_ASSIGNMENT_
Write out, word for word and with no pictures, each line below from the one containing "Die Teilnehmenden sitzen" through the one containing "팔레스타인해방민주전선(DFLP)의 23살 여성", both included, and no other line.

_SOURCE DATA_

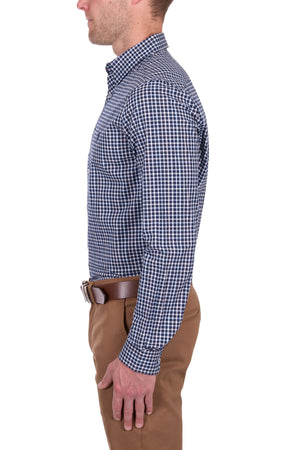 A man in profile against a white background wears the Thomas Cook Jason Tailored Shirt, featuring blue and white checks, paired with a brown belt and khaki pants.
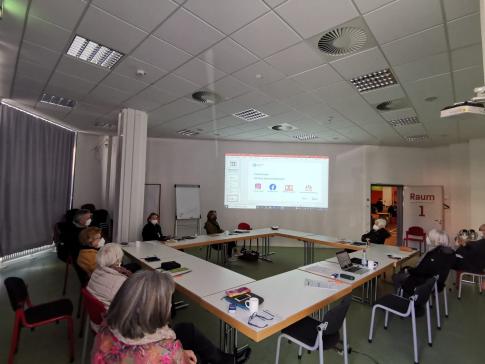 Die Teilnehmenden sitzen im Raum und schauen zur Präsentation an der Wand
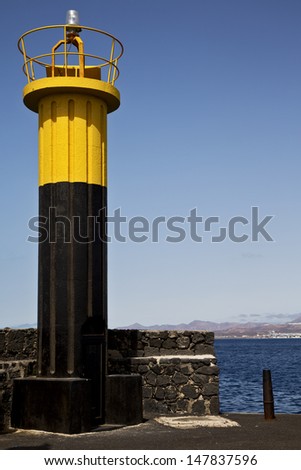 lighthouse and harbor pier boat in the blue sky   arrecife teguise lanzarote spain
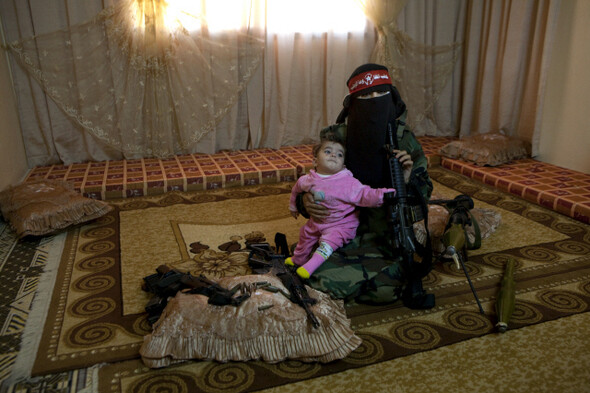 팔레스타인해방민주전선(DFLP)의 23살 여성 부대원이 가자시티에 있는 집에서 자신이 훈련받는 무기들에 둘러싸인 채 9개월 된 여동생을 안고 있다. 2009년 11월. 하이디 러빈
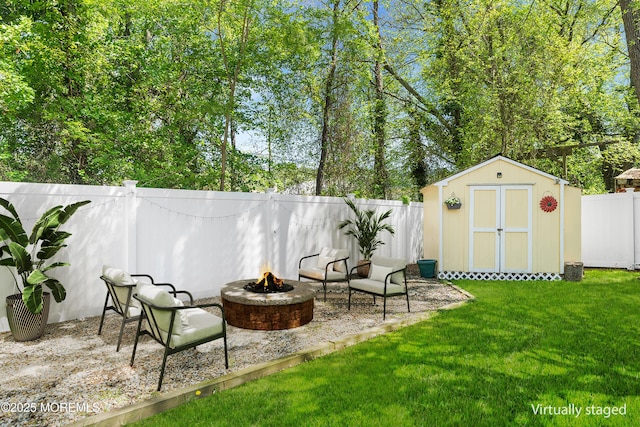 2015 Red Cedar St, Toms River, NJ 08753 - view of yard with an outdoor fire pit, a shed, an outdoor structure, and a patio
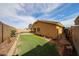 A fully fenced backyard featuring a well-maintained lawn, offering privacy and space for relaxation at 23814 W Chambers W St, Buckeye, AZ 85326
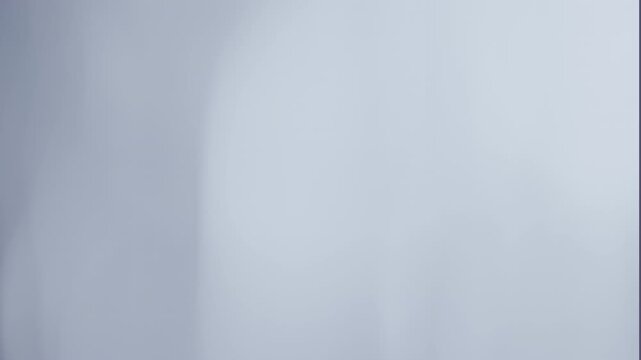 Abstract motion gradient metallic grey white background.
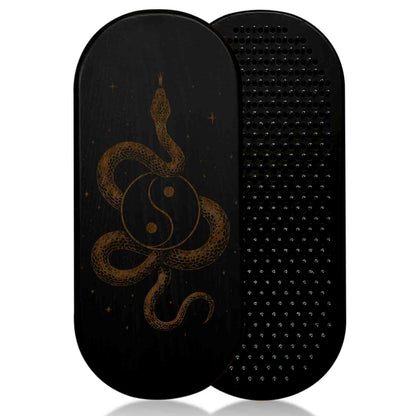 Black sadhu board with a snake and yin-yang design on a white background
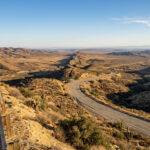 Vue aérienne de la faille de San Andreas s'étendant dans un paysage désertique californien avec une route sinueuse et un homme.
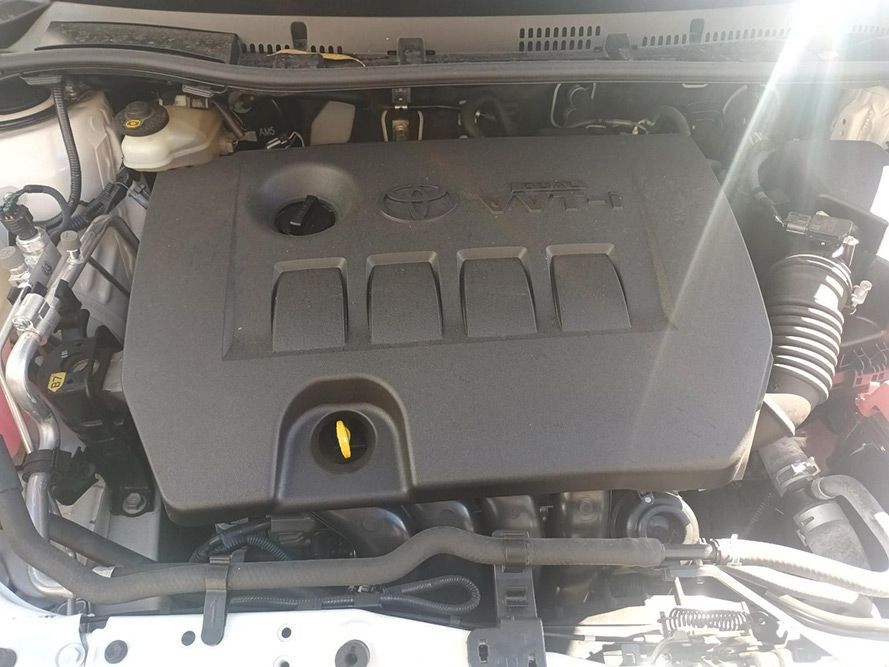 The Engine of a White Toyota Corolla is Visible Under the Hood — South West 4WD Wreckers in Harristown, QLD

_RESULT OF THIS EXERCISE_
 Die Teilnehmenden sitzen im Raum und schauen zur Präsentation an der Wand
 lighthouse and harbor pier boat in the blue sky   arrecife teguise lanzarote spain
 팔레스타인해방민주전선(DFLP)의 23살 여성 부대원이 가자시티에 있는 집에서 자신이 훈련받는 무기들에 둘러싸인 채 9개월 된 여동생을 안고 있다. 2009년 11월. 하이디 러빈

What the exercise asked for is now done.